Zuerst ein etwas längerer Reisebericht von Holger (Eiserner Messias)
[Ausschließlich fußballinteressierte beginnen bitte erst ab Kapitel “Sonntag, Fußball” mit der Lektüre.]
Was ist der Nachteil daran, dass sich der Freundeskreis ausbildungs-, berufs-, studiums- oder familiengründungsbedingt irgendwann im Laufe des zweiten Lebensjahrzehnts in ganz Deutschland und sogar darüber hinaus verteilt? Man sieht sich nur noch unregelmäßig und verliert unter Umständen den Kontakt zu dem ein oder anderen. Was ist der Vorteil am eben genannten Phänomen? Man kennt immer irgendjemanden, der jemanden kennt, der irgendwo wohnt, wo Union spielt. So kam es, dass sich am vergangenen Wochenende eine illustre Runde von (Exil-)Berlinern im schönen Badener Land versammeln sollte, um einem dort wohnhaften alten Grundschulkumpel (nennen wir ihn “die Axt“), der mir beim Bolzen auf dem Schulhof vor gut 17 Jahren meine erste zu nähende Wunde zufügte einen Besuch abzustatten und um ein wahrhaft cremiges Wochenende zu erleben - bin ja schließlich kein nachtragender Mensch.
Samstag:
Darüber hinaus zeichnet mich aus, dass mich so schnell nichts aus der Fassung bringt. Eine Charaktereigenschaft, die sich bereits am Samstag um sechs Uhr in der Früh auszahlen sollte, als zunächst die Berliner S-Bahn und anschließend mein werter Herr Cousin und Mitreisender (nennen wir ihn “Mr. T“) meine Nerven auf eine echte Zerreißprobe stellten. Die S-Bahn Anekdote ist schnell erzählt: Pendelverkehr in Richtung Hauptbahnhof, die daraus resultierenden und nicht eingeplanten 13 Minuten Wartezeit am Bahnhof Friedrichstraße plus Blick auf die Uhr ließen nur einen Schluss zu: Ab ins Taxi und das eh schon schmale Budget erstmalig belasten (Extraklasse die kurze Konversation mit dem nonchalanten Taxifahrer. “Wohin geht‘s?” - “Zum Hauptbahnhof, bitte!” - “Man, fährt da keene S-Bahn hin?”).

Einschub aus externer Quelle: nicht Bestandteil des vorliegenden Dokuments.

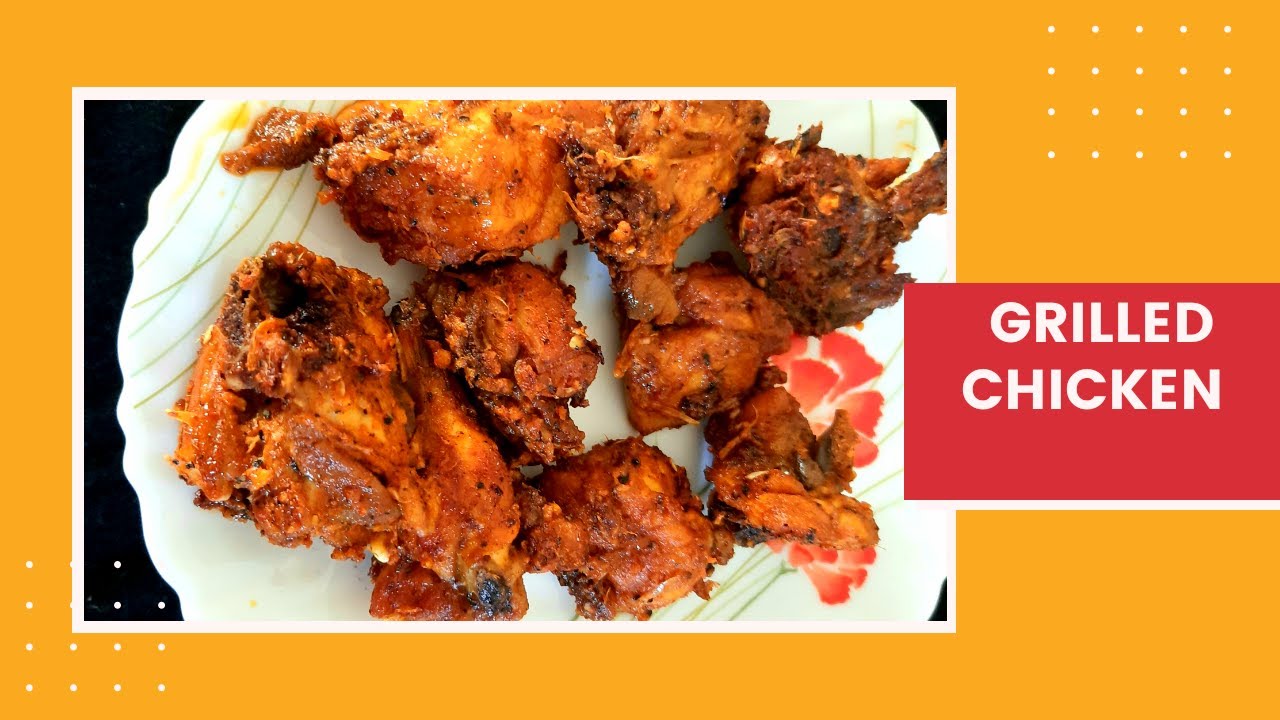 Simple Grilled Chicken Recipe in Malayalam YouTube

7 Euro und knapp 10 Minuten später enterte ich pünktlich um 6.20 zum vereinbarten Treffpunkt den Hauptbahnhof, genau 19 Minuten vor Abfahrt des Zuges gen Karlsruhe. Fehlte nur “Mr. T”. Der Mann mit den Fahrkarten und einer Tiefenentspanntheit, von der sich selbst der Dalai Lama auch nach Finden seines persönlichen Chis noch ‘ne Scheibe abschneiden könnte. Um 6.30 hauchte mir “Mr. T” übers tragbare mit einem unnachahmlichen Timbre, mit dem er sonst Idiome wie “mir egal”, “weiß nicht” und “mal gucken” fabuliert, ins Ohr, dass er verschlafen hätte und ich ruhig schon mal vorfahren solle. Alter, wer hatte noch mal gleich die Zugtickets?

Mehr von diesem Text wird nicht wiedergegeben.